Fine-tuned does not mean designed. It means set up in a highly particular and dependent way

Is “fine-tuning” Controversial Among Scientists Today?

It seems that most scientists concede that the universe is setup to support life. This is not a controversial topic. For example:

The late Stephen Hawking – “The laws of nature form a system that is extremely fine-tuned … [o]ur universe and its laws appear to have a design that both is tailor-made to support us, and if we are to exist, leaves little room for alteration.”[2]

Freeman Dyson – “The more I examine the universe and the details of its architecture, the more evidence I find that the universe in some sense must have known we were coming.”[3]

What is the evidence for “fine-tuning”?

There’s a lot of evidence in nature for fine-tuning. Much of it appears in some amazing coincidences that appear in nature. One example is the formation of the carbon atom in the heart of stars. Carbon is the building block for life in the universe.

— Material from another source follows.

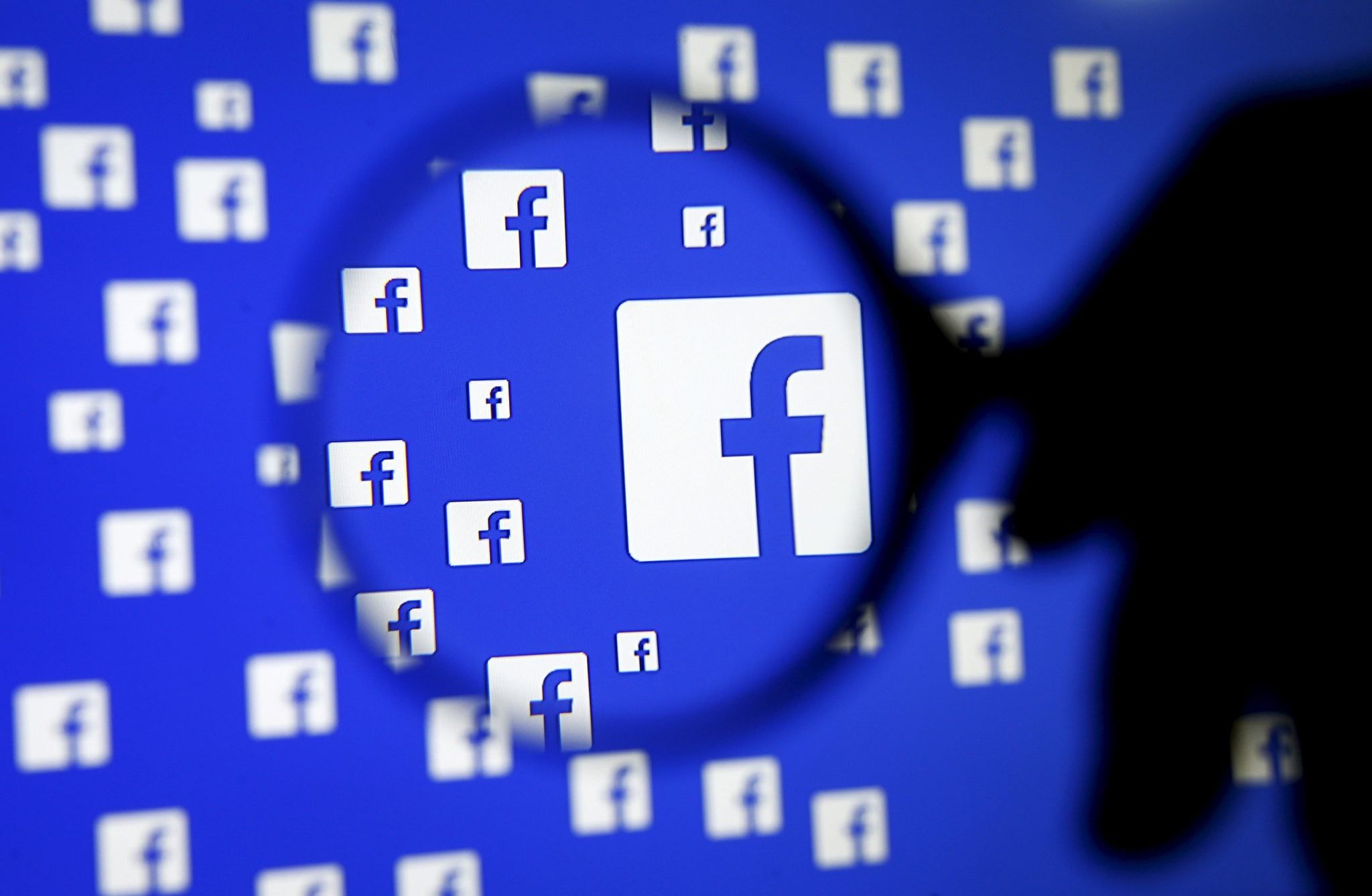 فيسبوك توضح عملية مراجعة الإعلانات الخاصة بها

Hoyle realised that carbon should not, under nuclear physics, be able to form. That is, unless there was an amazing resonance that just “happens” to prolong the lifetime of an unstable beryllium nucleus for 1 hundred billion billionths of a second, long enough for the chemical reaction to proceed and for Carbon to be the result. If it wasn’t for the fact that nuclear resonance exists at just the right energy, there would be virtually no carbon in the universe, so probably no life.[4]

Hoyle went on to describe a series of surprising “put up jobs,” coincidences that occur in nature. There are many, many of these. If these coincidences did not occur, then this would change the basic parameters of physics, and this would prove lethal to life. It’s worth pointing out the following.

First – physicists cannot create an alternative universe with alternative cosmological constants. We have to view the universe from our vantage point within it, not outside. However, the point about the mathematical predictability OF the universe is, we can observe the effect of a possible change to the constants in the mathematical equations themselves. And the results are startling. “The cliché that ‘life is balanced on a knife edge’ is a staggering understatement – no knife in the universe could have an edge that fine.”[5]

As scientist Paul Davis has said, you can claim that these parameter values are simply a given, “but that attitude seems a bit unsatisfactory. We can certainly imagine a universe in which [the constants are set differently]. The facts that the value[s] … are just right for life (like Goldilocks’ porridge) cries out for an explanation.”[6]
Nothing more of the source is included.